▶ **Dataset excerpts**:
* * *

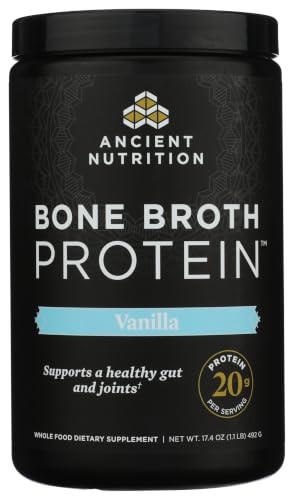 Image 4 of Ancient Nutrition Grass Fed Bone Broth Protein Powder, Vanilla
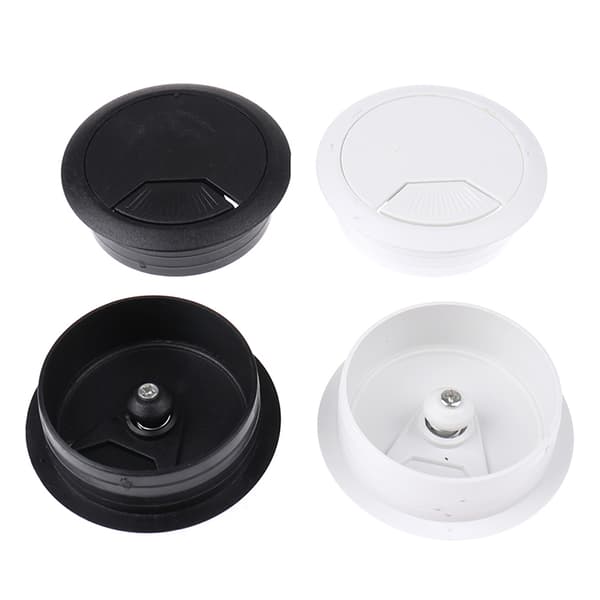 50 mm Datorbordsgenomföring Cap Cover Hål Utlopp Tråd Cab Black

* * *

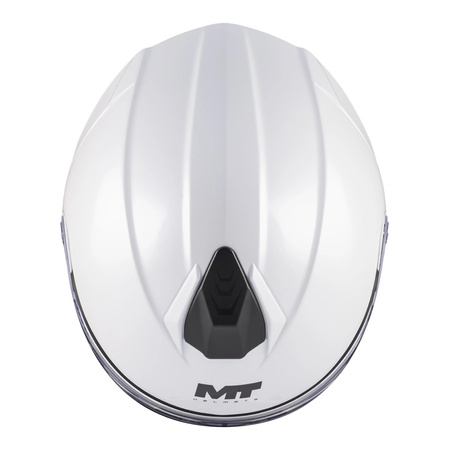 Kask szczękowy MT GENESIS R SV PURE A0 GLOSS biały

* * *

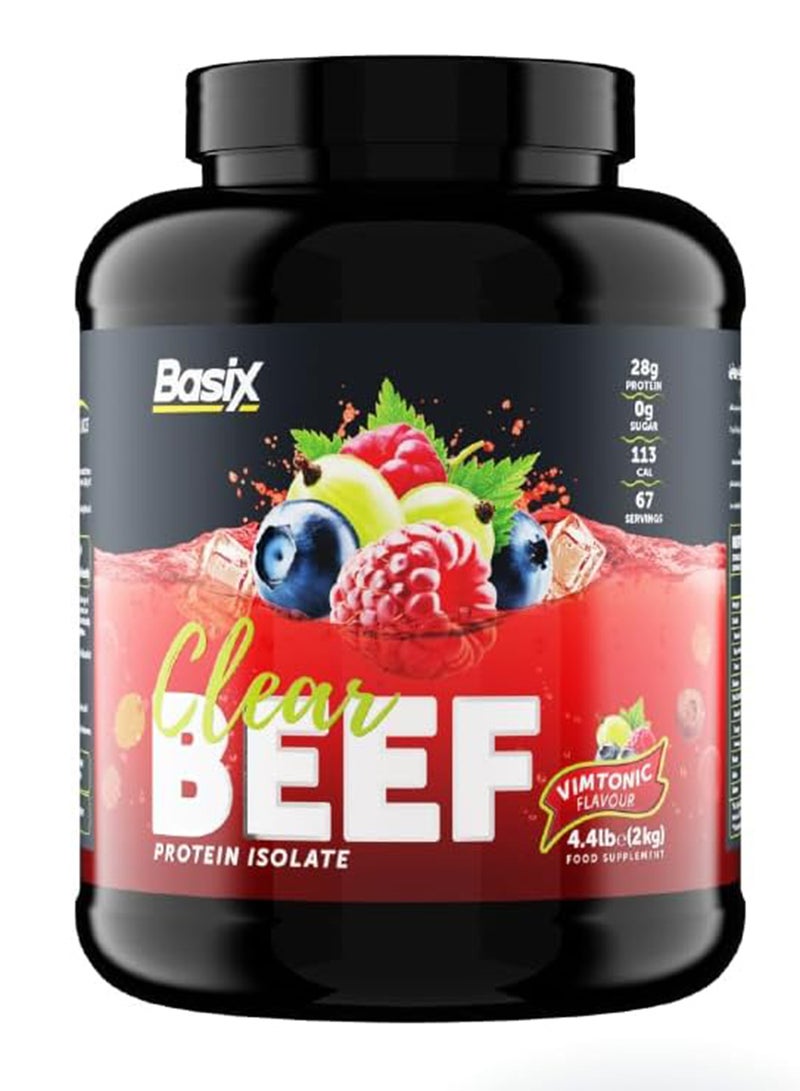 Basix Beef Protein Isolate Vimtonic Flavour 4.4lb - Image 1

* * *

▶ **Work instruction**: Range to copy from the listing above: the line containing "Image 4 of Ancient" down to the line containing "50 mm Datorbordsgenomföring", both included. Reproduce it exactly, minus the pictures, and add nothing.

▶ **Answer**:
 Image 4 of Ancient Nutrition Grass Fed Bone Broth Protein Powder, Vanilla
 50 mm Datorbordsgenomföring Cap Cover Hål Utlopp Tråd Cab Black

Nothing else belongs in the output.